My son’s mock results were poor. Should he drop levels in some subjects?

Ask Brian: Student should get advice from teachers who are experts in their subjects

Exams scripts for the mocks exams are a vital source of learning ahead of the State exams in June. Photograph: David Davies/PA Wire

Exams scripts for the mocks exams are a vital source of learning ahead of the State exams in June. Photograph: David Davies/PA Wire


Question: My son has just received a less than stellar set of Leaving Cert mock results and scraped passes in higher level maths and Irish. Should he drop back to ordinary level and reassess his course expectations?

Answer: The most important benefit of sitting the mocks is the wealth of experience gained. In your son’s case, pacing himself through two weeks of constant writing and study, no matter how unsatisfactory the outcome, gives him the option of a far better outcome if he applies the lessons learned to his study plans over the coming three months.

Even though the correction of mock papers has nothing like the oversight and rigour of the Junior Cert and Leaving Cert, your son’s results are a vital source of learning concerning how to improve his performance in the real exams in June.

Many students do not even bother reviewing mock results.
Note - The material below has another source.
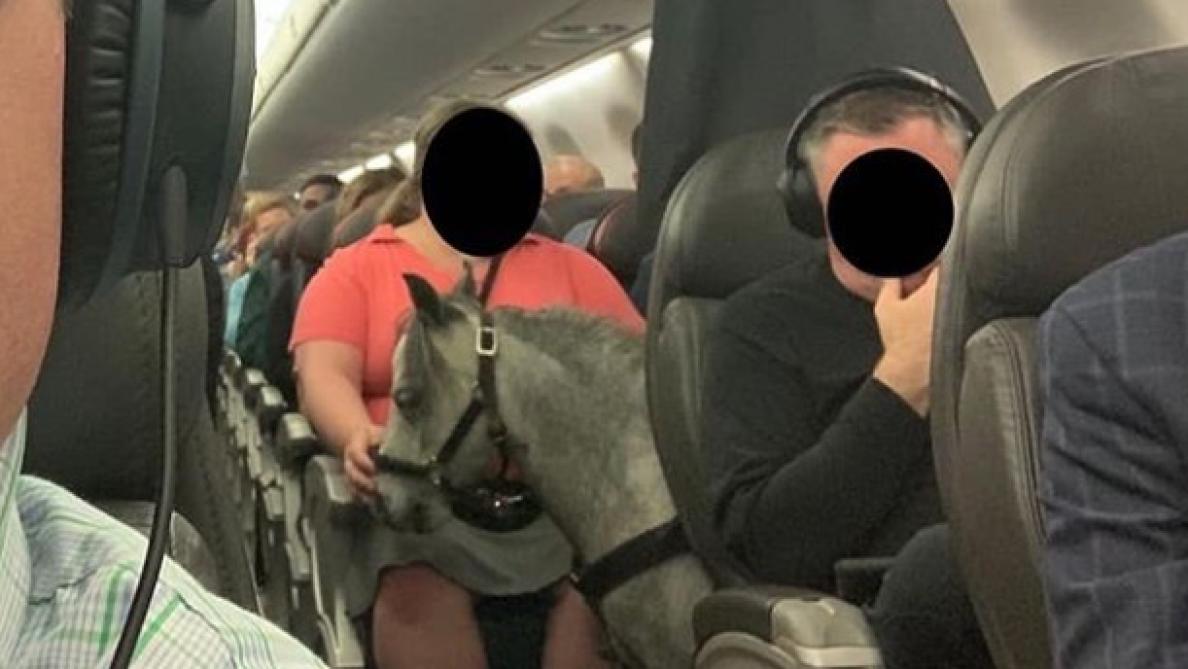 âge pour monter devant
This is a huge mistake and a major missed opportunity to learn from the deficiencies.

He should now review his answers to every question he attempted across all subjects, and compare them to the content in his school textbook, answers provided previously by his teachers, or a similar question on the State Exams Commission website (, where the answers to all previous past questions are available.
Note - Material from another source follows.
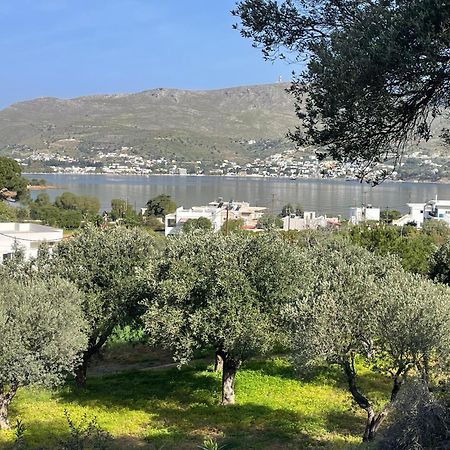 The Velanidies - Οι Βελανιδιές Agia Marina  Exterior photo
After reviewing his papers, he should draw up a programme of study over the coming 12 weeks, running right up to the written papers in June.

When he sits down to do so, he will find that excluding class time in school, oral exam preparations in the coming month, his normal extracurricular and social commitments, he has a limited amount of time for effective study. He should be careful not to overdo it with late nights of studying, however.
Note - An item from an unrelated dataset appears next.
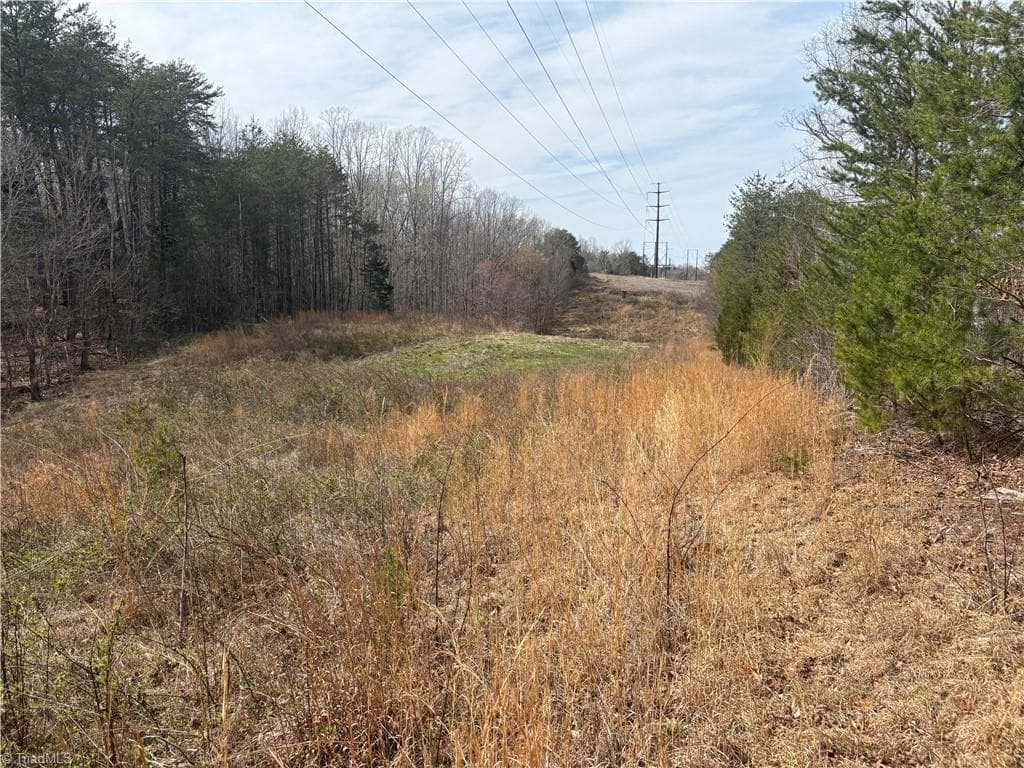 Single Family Residence at 0 Doll Branch Road, Milton NC 27305, photo 35 of 39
With regard to considering dropping down to ordinary level in some of his subjects, I would always be guided by the advice of his teachers. They are the experts in their subject areas and their advice is based on years of experience.

This year there is a new factor when considering the level of paper to opt for in June. Students who secure 30-39 per cent in higher level papers will secure a new grade of H7. This will be awarded the same CAO points score of 37. This is an equivalent number of points for a student who secures 70-79 per cent on an ordinary level paper, or an O3.

Furthermore, where colleges require a student to secure a pass grade in a subject such as Irish or maths, a H7 in the new Leaving Cert grading structure will be deemed to meet that requirement.

An H6 or a minimum of 40 per cent grade in maths will also secure 25 additional bonus points, which could help your son achieve the required CAO points score to secure his preferred course choices.